Labrika is primarily a website audit tool.
It is a toolset that scans your website for SEO-related issues (technical and best practices) and provides a report to help you fix the problems and optimise your website. There is also a content optimiser tool based on AI that offers recommendations for improving the content of your webpages based on information from the Top 10 competitors in the SERPs for a particular keyword.
Finally, Labrika also provides a rank tracking tool for checking your website’s position in the SERPs for specified keywords. It is the Rank Tracker that will be the focus of this review.
Pricing and Limitations
Labrika currently only tracks keywords in the Google search engine, however you can set a particular country and more granular region (city/state) as well as the language, and device (either desktop or mobile). It is also possible to organise your keywords into groups.
Pricing plans are based on keyword ranking credits (for the rank tracker) and page crawling credits (for the website audit). Because I am focusing on the rank tracking tool, I set page crawling credits to zero.
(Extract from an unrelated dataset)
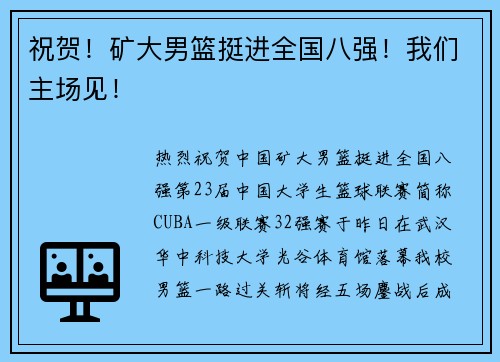 祝贺！矿大男篮挺进全国八强！我们主场见！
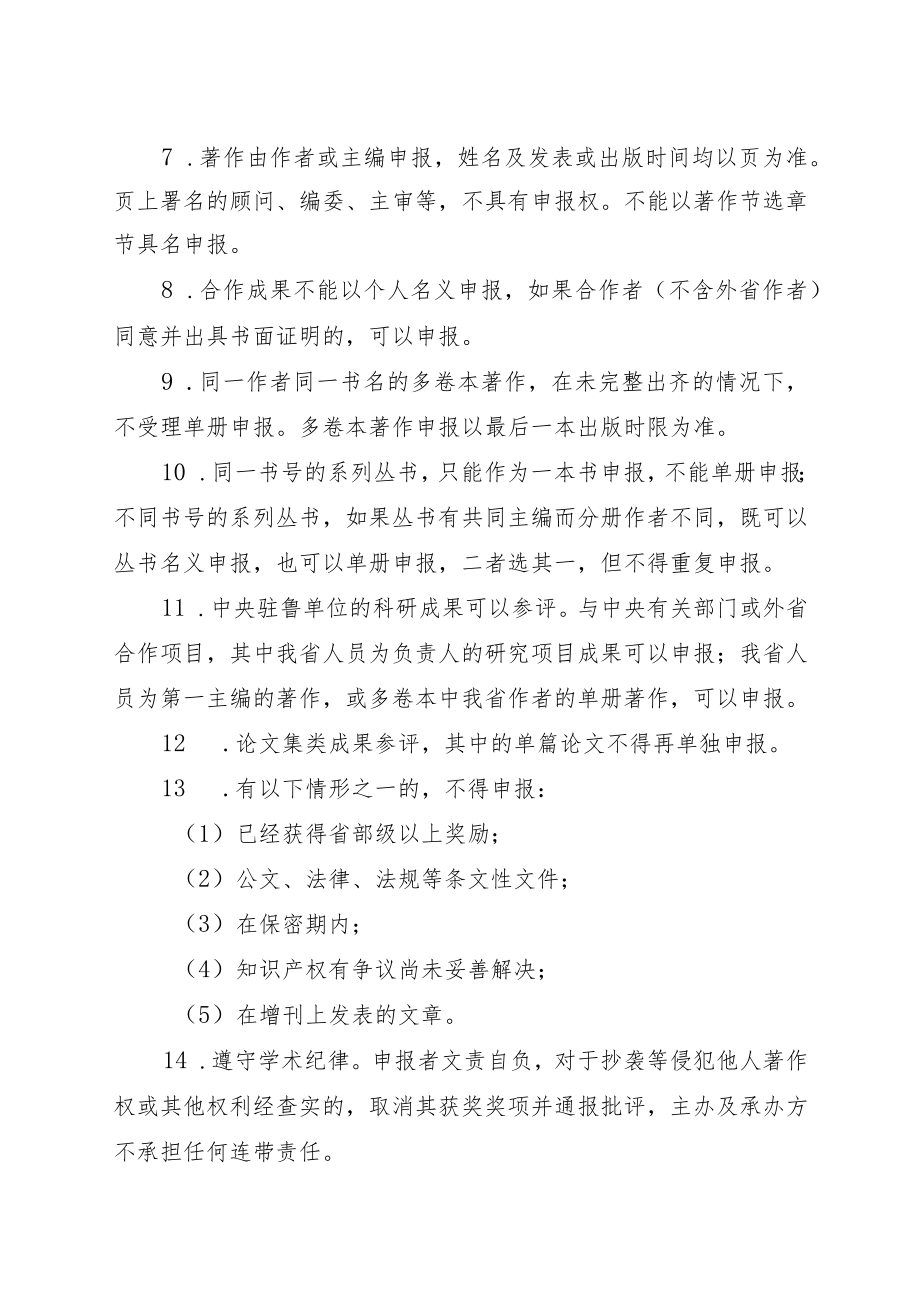 第九届2022年度山东省人力资源社会保障优秀科研成果申报材料要求.docx_第2页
Labrika charges one keyword credit per ranking check per location. Depending on the plan you choose, it costs between $0.003 and $0.006 per credit (so, less than a cent for each keyword check).
Reporting
Labrika provides a site summary report, which is a table showing your keyword positions. It has your keywords as the rows and each search engine location as the columns. You can also filter the data by date, group or keyword text.

When you check the data for a particular location (e.g. Google US Desktop in the image below) there’s a set of graphs showing how many of your keywords are in the Top 5, Top 10, and Top 50 of Google and how this has changed over time.
The columns in the table change the dates of the checks and the values indicate whether your website has lost or gained positions.
Unfortunately, there doesn’t seem to be a way to see a chart of the position of a single keyword over time unless you add to a group of its own.

At this point, it is worth noting that Labrika does not check your keyword rankings according to a schedule by default – you have to manually click the ‘Update site ranking‘ button.
Summary/Verdict
As a rank tracker, Labrika has several limitations.
You are limited to tracking keywords in Google only and the lack of visual reporting options (particularly at single keyword level) can be frustrating.
Overall, I would not recommend using Labrika as a rank tracker when there are several better options on the market.
However, I must stress that this is not saying the entire Labrika tool suite is bad – after all, it was designed as a website and content optimisation tool and the rank tracker can be thought of as more of an add-on to these core functionalities.